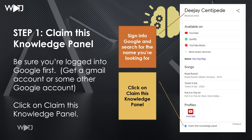Step one — claiming the Google Knowledge Panel: be sure that you're logged into Google first. That may mean you need a Gmail account. Then search for that name and click 'Claim this Knowledge Panel' down at the bottom of the panel.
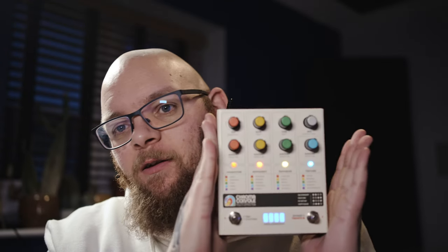Welcome back. This here is the Hologram Electronics Chroma Console. Now a friend of mine bought this pedal. He's a guitar player, obviously it's a guitar pedal, so he bought this for vibe and for tonal options shall we say.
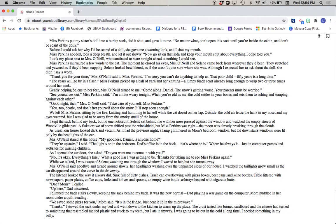While we talked, I was aware of Selene watching me through the window. I waved to her, but she turned away. Mrs. O'Neill said goodbye and turned around slowly, her headlights washing over the unpainted sides of our house. I watched the taillights grow small as the car disappeared around the curve in the driveway.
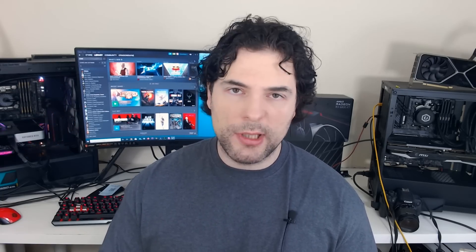Real time basically means games, rather than something like an offline renderer that we would expect for a movie such as Avatar, because a game has pretty tight time constraints from one frame to another. It does stress that it's utilizing training and inference methodology. This has been further confirmed by Josh, who is an employee at Insomniac Games, that they are indeed using inference on the PS5's GPU. However, he cannot get specific about exactly how it's used.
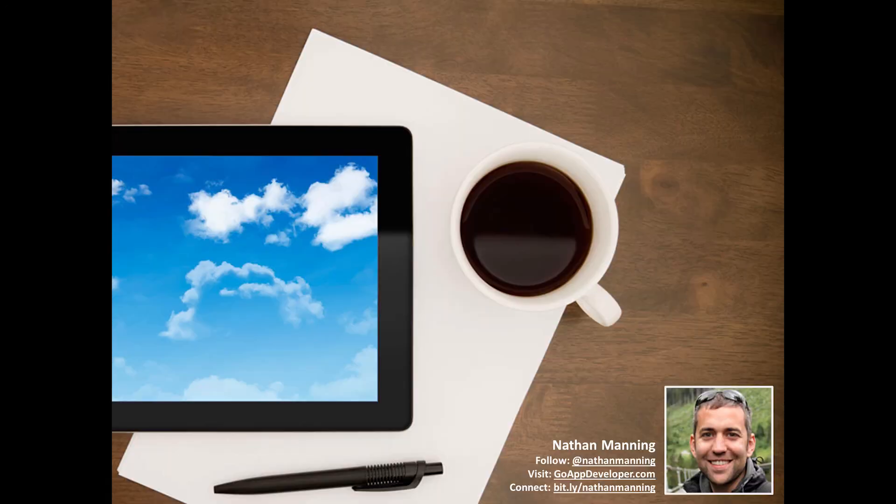That's it for our short presentation today. I really appreciate the time you're taking to be with me. I hope this has been helpful to you in writing an effective app description. If you have any questions, you can always contact me on Twitter at Nathan Manning, on LinkedIn, or simply drop me an email at Nathan@GoAppDeveloper.com.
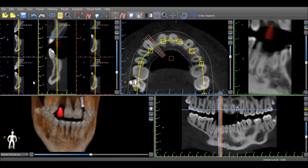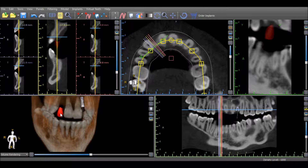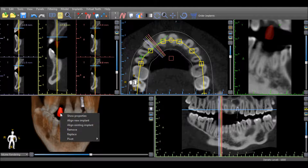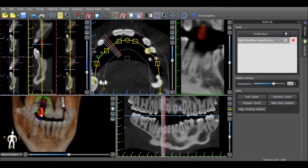Once the placement of the virtual tooth has been finalized, additional options can be accessed by right-clicking on the virtual tooth, or by double-clicking on the virtual tooth to open the tooth panel.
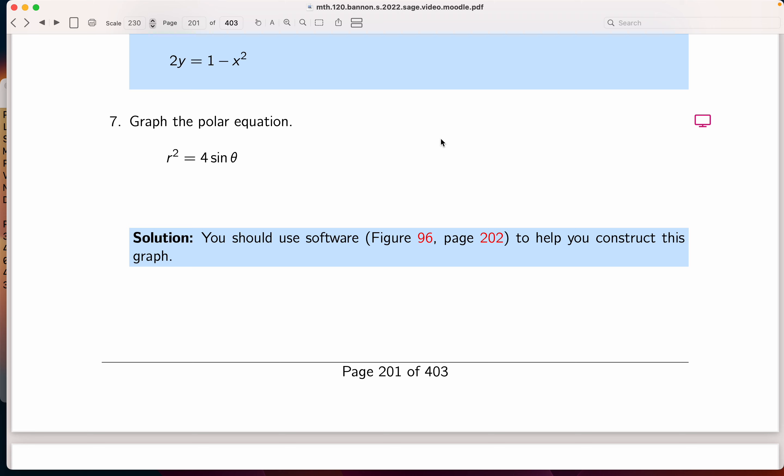For the polar equation, I'm going to recommend using software on something like this, at least initially, and then think about the images that you're given.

▶ [EXERCISE BRIEF]:
Pictures are not part of the answer. Restate word for word the lines from the one with "That's it for" through the last line of the records.

▶ [SOLUTION]:
That's it for our short presentation today. I really appreciate the time you're taking to be with me. I hope this has been helpful to you in writing an effective app description. If you have any questions, you can always contact me on Twitter at Nathan Manning, on LinkedIn, or simply drop me an email at Nathan@GoAppDeveloper.com.
Once the placement of the virtual tooth has been finalized, additional options can be accessed by right-clicking on the virtual tooth, or by double-clicking on the virtual tooth to open the tooth panel.
For the polar equation, I'm going to recommend using software on something like this, at least initially, and then think about the images that you're given.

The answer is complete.